Minder Rule Testing Framework -- Design

Author: Krrish Biswas Mentor: Evan Anderson Status: Draft Related issue: #6434

Abstract

There is currently no standardized way to test Minder rules outside of a live environment. This document proposes a rule testing framework built on Starlark embedded in Go, using mocked HTTP responses and inline file fixtures to allow offline rule verification.

Background

How Minder rules work

A Minder rule type defines a security policy check for an entity (repository, artifact, pull request). Each rule has four phases:

Ingest fetches data from an external source via the configured provider. Two ingest types exist:

Type	Mechanism	Example
`rest`	HTTP GET to provider API	Branch protection settings
`git`	Clone repo, expose `file.ls()` / `file.read()`	GitHub Actions workflows

The provider determines which API surface is used. For a GitHub provider, rest calls the GitHub API; for a GitLab provider, it calls the GitLab API; and so on.

Evaluate runs either a jq expression (simple field comparison) or a Rego/OPA policy against the ingested data. During evaluation, rules may also call datasources -- named HTTP clients declared separately from the rule. When Rego calls minder.datasource.baselineghapi.branch_protection_status({...}), the datasource fetches from a real API endpoint defined in a datasource YAML. Responses are returned to Rego wrapped in {"body": <payload>, "status": 200}. See the datasource documentation for more details.

Remediate applies an automated fix when a rule evaluation fails (for example, opening a PR to pin an unpinned action). Alert sends a notification about the evaluation result. Both are out of scope for v1 of the testing framework.

Prior art

Two existing tools partially address rule testing:

mindev rtst runs a single rule evaluation against live providers with a manually-specified entity. It requires a full profile definition, rule definition, and live credentials for the provider. The dependency on live credentials and backend services makes it unsuitable for automated testing.

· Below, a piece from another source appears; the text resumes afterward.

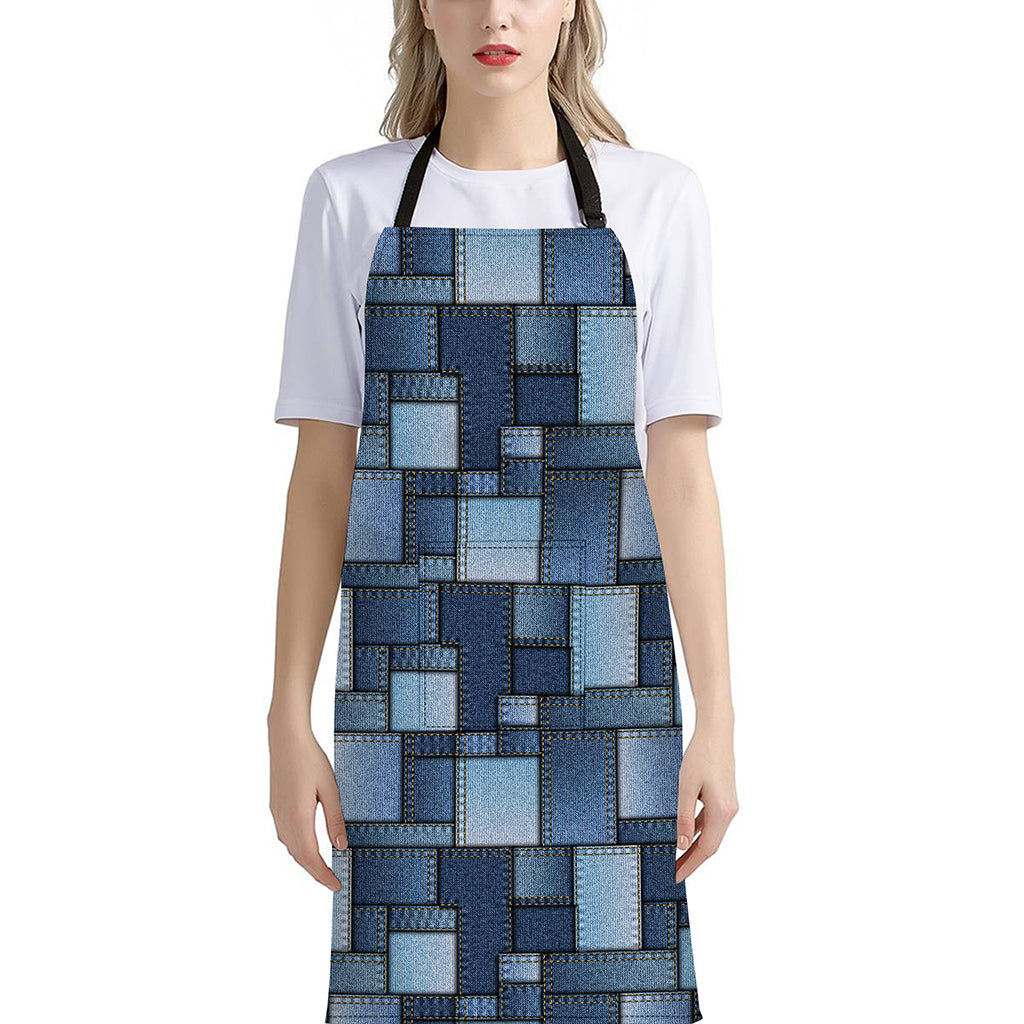 Blue Denim Patchwork Pattern Print Bib Apron With Pocket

rules_test.go from minder-rules-and-profiles runs against test data and supports batch operation, but has several limitations. The framework does not support datasources and is verbose when testing multiple cases. Additionally, file test data representing vulnerabilities appears "live" to tools like dependabot or trivy, and it is difficult to reuse the tool outside that particular repo. Finally, having a standalone binary in a different repository introduces dependency churn management that would not be required if it were an official binary in the main repo.

Given that rules_test.go is approximately 300 lines, it is reasonable to rewrite the functionality rather than attempt to extend it.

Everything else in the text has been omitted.